A necessidade de ter, numa organização desportiva, vários treinadores com o grau máximo de formação, explica-se pela capacidade que a estes é exigida no seu percurso formativo (e, também por isso, o PNFT implica um processo contínuo de formação ao longo da carreira. A capacidade para aplicar e gerir políticas desportivas, alimentar o pensamento crítico, conceber programas de formação e desenvolver todos os aspetos ligados à componente desportiva de uma estrutura são trabalho para treinadores com formação. A esses elementos liga-se uma capacidade de diagnóstico sobre as situações, a monitorização e a inovação dentro do quadro de uma equipa técnica.
Para muitos, o que é uma questão teórica, parece difícil de ser transposta para a realidade. Mas a aplicação destes princípios prende-se, na maior parte das vezes, com aspetos muito práticos do trabalho diário de um treinador e de uma equipa técnica. O primeiro passo está mesmo ligado à formação dessa equipa. Quem a integra e porque a integra, e que tipo de diálogo é gerado pelos seus elementos. Daquilo que podemos observar, as tendências separam-se entre o treinador-líder que convoca para a sua equipa coadjuvantes da sua ideia (controlo) e o treinador-equipa que distribui funções e absorve os resultados destas para o bem comum (coletivização).
A experiência de jogador pode acrescentar muito à forma como estes dados são concretizados e é por isso mesmo que os jogadores internacionais e de alta competição têm, repetidamente, acesso promovido aos principais cursos de formação.

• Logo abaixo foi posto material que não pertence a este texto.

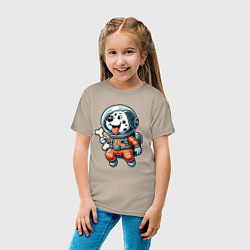 Футболка хлопковая детская Dalmatian cosmonaut puppy with a bone, цвет: миндальный — фото 2
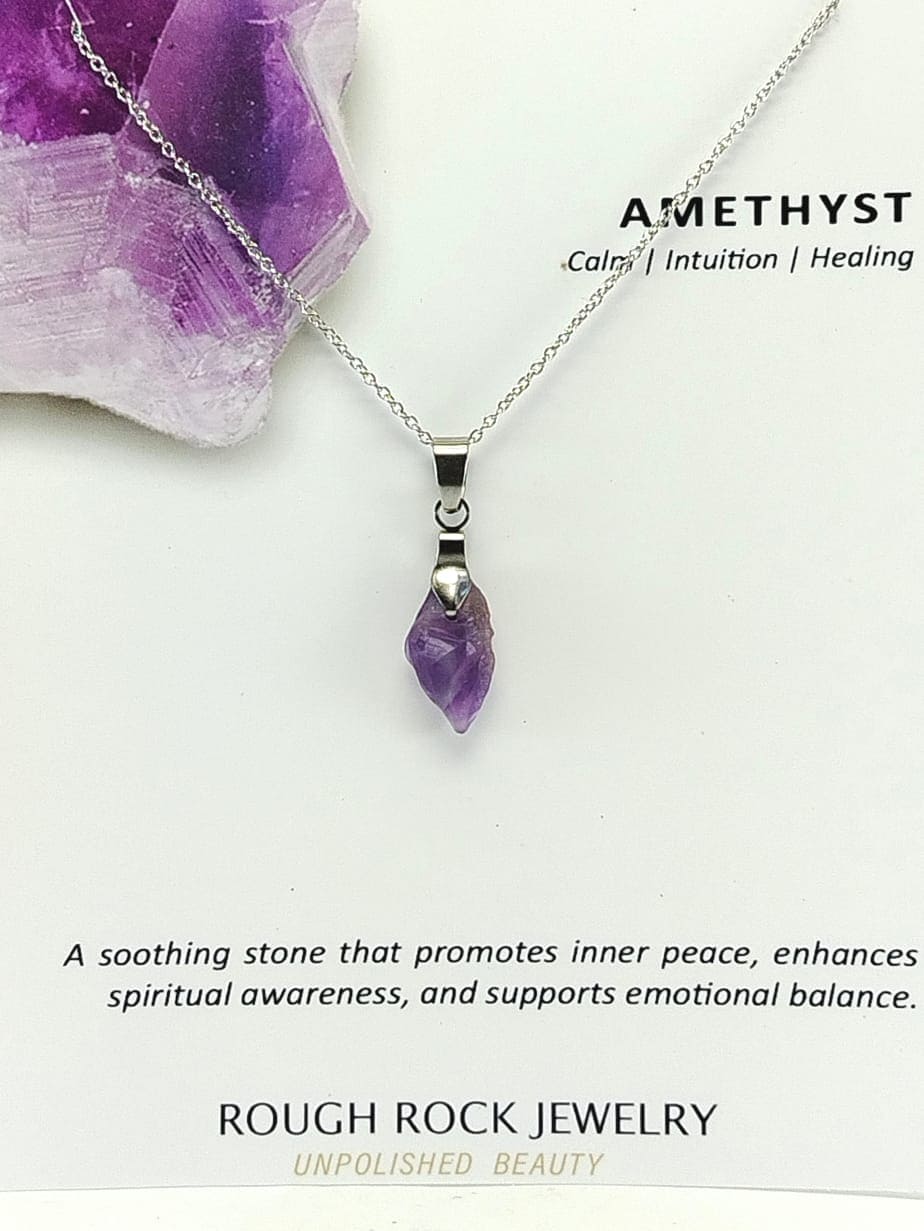 Amethyst Pendant Necklaces, Stainless Steel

No entanto, a experiência de jogador acrescenta, mas não substitui. Sendo certo que esse reconhecimento da realidade de campo enquanto jogador é altamente valorizada no momento de entrada numa equipa, a mesma acabará por se esboroar nas semanas de trabalho de seguintes caso as expetativas não sejam alimentadas com dados concretos da sua capacidade para vestir a pele das funções que agora detém.
Saber Ser
O Treinador de Grau IV:
* valoriza o desporto enquanto instrumento de desenvolvimento humano, integrando as suas determinantes económicas, políticas e socioculturais.

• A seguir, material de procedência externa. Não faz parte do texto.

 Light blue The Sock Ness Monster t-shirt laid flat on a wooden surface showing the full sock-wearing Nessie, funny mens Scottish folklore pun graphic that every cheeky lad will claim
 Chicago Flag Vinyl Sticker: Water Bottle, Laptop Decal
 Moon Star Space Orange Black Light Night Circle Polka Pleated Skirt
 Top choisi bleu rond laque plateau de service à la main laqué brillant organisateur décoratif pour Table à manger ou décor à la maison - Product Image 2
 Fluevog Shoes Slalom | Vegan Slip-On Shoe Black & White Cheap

* assume pensamento crítico e estratégico face aos constrangimentos particulares impostos pelos contextos diversificados de prática desportiva.
* assume atitudes críticas acerca das políticas de desenvolvimento desportivo relevantes para o seu contexto de prática profissional.
valoriza a adopção de lideranças participativas baseadas na cooperação e na optimização de recursos humanos, materiais e organizacionais.
* valoriza a qualificação dos processos de formação – de certificação de grau (curricular e em exercício) e a formação contínua ao longo da vida -no contexto da sua actividade profissional.
* valoriza a promoção e integração da inovação e do conhecimento e desenvolvimento tecnológico emergentes da investigação científica em todas as actividades adstritas à sua função.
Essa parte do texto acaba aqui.